A vast exclusion zone remains in place, 30km in radius. However, this is now a nature reserve, and reports indicate that wildlife is returning to the area.

But despite this surge in wildlife, the area remains contaminated and a huge quantity of radioactive material remains in the destroyed reactor. Questions over safety inevitably still exist, but how significant are the risks?

Radiation levels

A power surge caused a huge explosion at the nuclear plant in Chernobyl, causing the roof of reactor 4 to be blown off in the early hours of 26 April, 1986. Large quantities of radiation were released into the surrounding area, and indeed over much of Europe.

 Radioactivity in Europe following Chernobyl.
Image: Daily Telegraph

The radioactive cloud forced tens of thousands of people from their homes, and a 30km exclusion zone around the reactor remains in place.

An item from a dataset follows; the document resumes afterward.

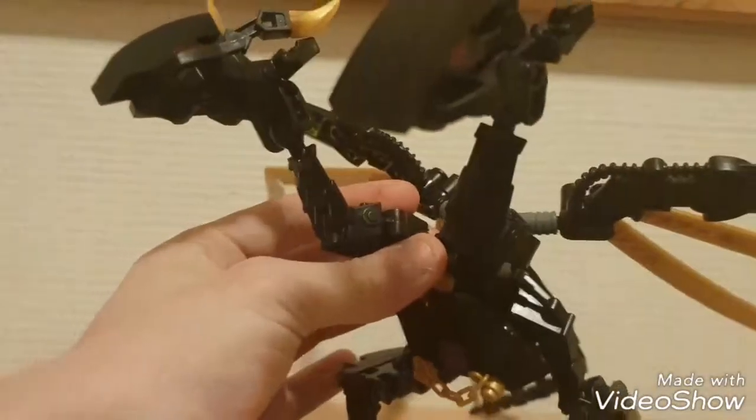Ladies and gentlemen, this is PrimeGun98 bringing you another LEGO review. Since you liked my Metroplex review, today I'm gonna show you something awesome but also a bit different.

Following the disaster, the Soviet authorities rushed to build a concrete sarcophagus over the reactor. However, the structure was only intended to last for 30 years, and so as it deteriorates, the need to replace it becomes increasingly urgent.

According to the BBC, some 97% of the reactor’s radioactive material remains inside. The risk of further radioactive material being released into the environment is therefore very real, and the authorities have reacted to contain, and ultimately, deconstruct the reactor and its core.

The largest moveable object on Earth

The solution? The largest moveable, land-based structure ever built – according to the organisation behind the project, the European Bank for Reconstruction and Development (EBRD).

The New Safe Confinement (NSC) has been under construction since 2010, and is set to be completed by 2017. The challenges posed by building such an enormous structure, so close to such a dangerous and contaminated site, are understandably considerable.

The arch-like building is being constructed next to the reactor, and will be moved into place once complete, in a manoeuvre expected to take several days.

Capable of withstanding a tornado, equipped with a ventilation system to prevent corrosion, the structure is expected to last at least 100 years. More importantly, the dome will allow work to begin on dismantling the reactor, and removing the radioactive material.

As this drone footage from the site shows, the scale of the project is vast. The completed structure will weigh more than 30,000 tons and be tall enough to cover St Paul’s cathedral.

The sheer quantity of radioactive material released into the environment, and remaining in the reactor, make Chernobyl a highly dangerous environment. However, the NSC is hoping to make the destroyed reactor safe long into the future.